Este texto nos fala muito sobre o condicionamento para o sabor; o sabor da vitória e o sabor da derrota. Mas assim como nos encantamos quando experimentamos aquele novo prato, e passamos a incorporá-lo em nosso menu, podemos aprender novos sabores no jogo da vida. O sabor de partilhar a meta; o sabor de todos jogarem, o sabor de ninguém estar de fora; o sabor de crescer ao aprender mais; o sabor da diversão. Falamos de sabores acentuados e sabores sem graça, insossos. Muitas vezes, ouvimos: "- se não tiver a competição não tem graça". Será mesmo? Para termos a real percepção do sabor do jogo, temos que mergulhar profunda e completamente na sua experiência, procurando novos sabores.

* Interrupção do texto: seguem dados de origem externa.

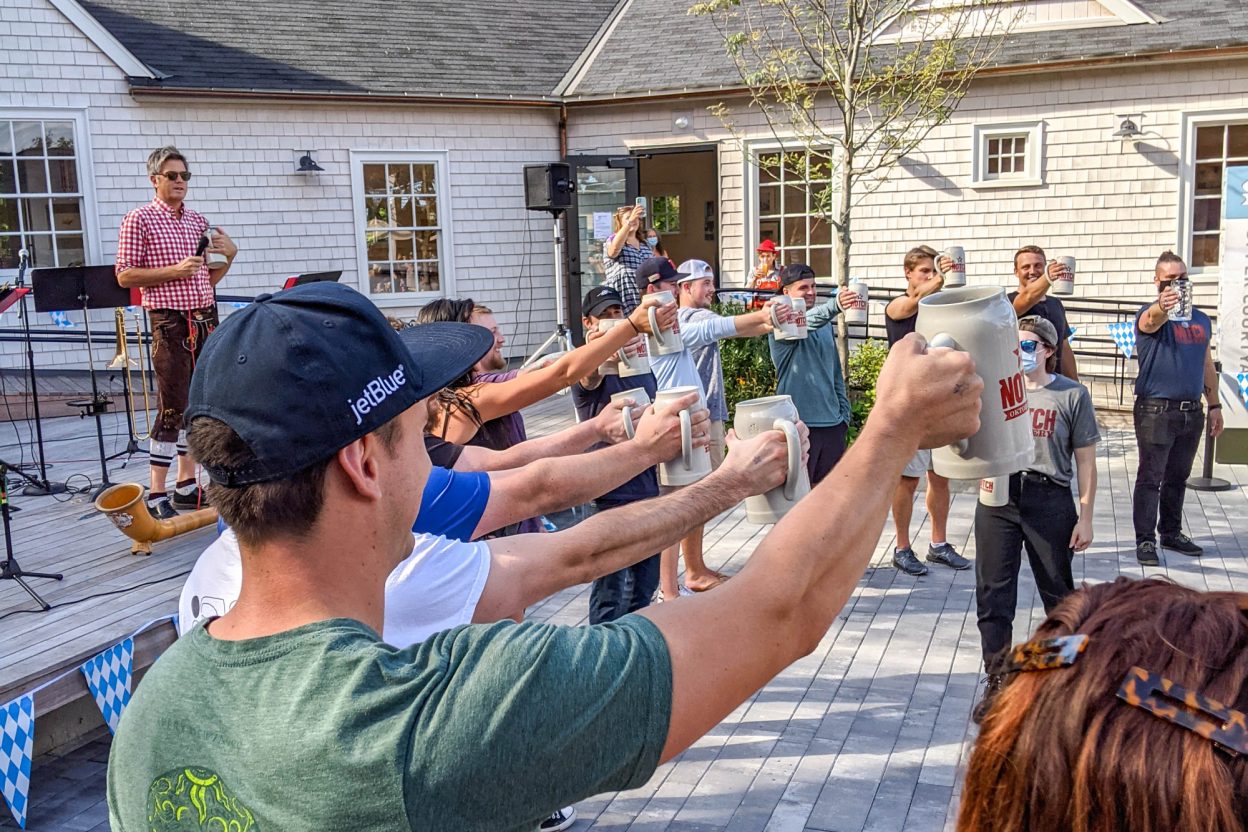 Best Oktoberfest Games for Fun & Hilarious Backyard Bierfests | Games like Hammerschlagen, Masskrugstemmen, pretzel-eating contests, stein-carrying races, board games, and more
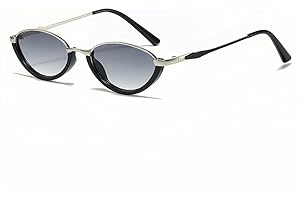Narrow Oval Small Frame Sunglasses for Women Men, 90s Vintage Y2K UV Protection Fashion Trendy Metal Cat Eye Sun Glasses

Sabores diferentes daqueles que já estamos acostumados, ao invés de tentar reconhecer sabores já conhecidos. Esta entrega, permite uma experiência de percepção muito acentuada, lembrando que nosso objetivo maior na vida, é a felicidade...de todos. Paula Falcão em seu livro "Criação e Adaptação de Jogos em T&D" (ver pág. 28), cita James P. Carse, um dos grandes pensadores sobre o mundo dos jogos e que definiu dois tipos de jogos: o jogo finito e o jogo infinito.
- No jogo finito, os jogadores jogam para chegar ao fim do jogo, custe o que custar.
- No jogo infinito, os jogadores jogam para superar os próprios limites e para continuar jogando.
Com certeza, os sabores são diferentes. Mas, só tem uma forma de descobrir. Adentre esta grande cozinha experimental, que é a vida e comece a provar novos sabores e veja quais combinam mais com você, seu jeito de ser e de viver a vida da maneira mais íntegra e profunda possível. Afinal, sabedoria está ligada a saber que vem da palavra "sapere" em latim que significa saboroso. Sábio é aquele que saboreia a vida!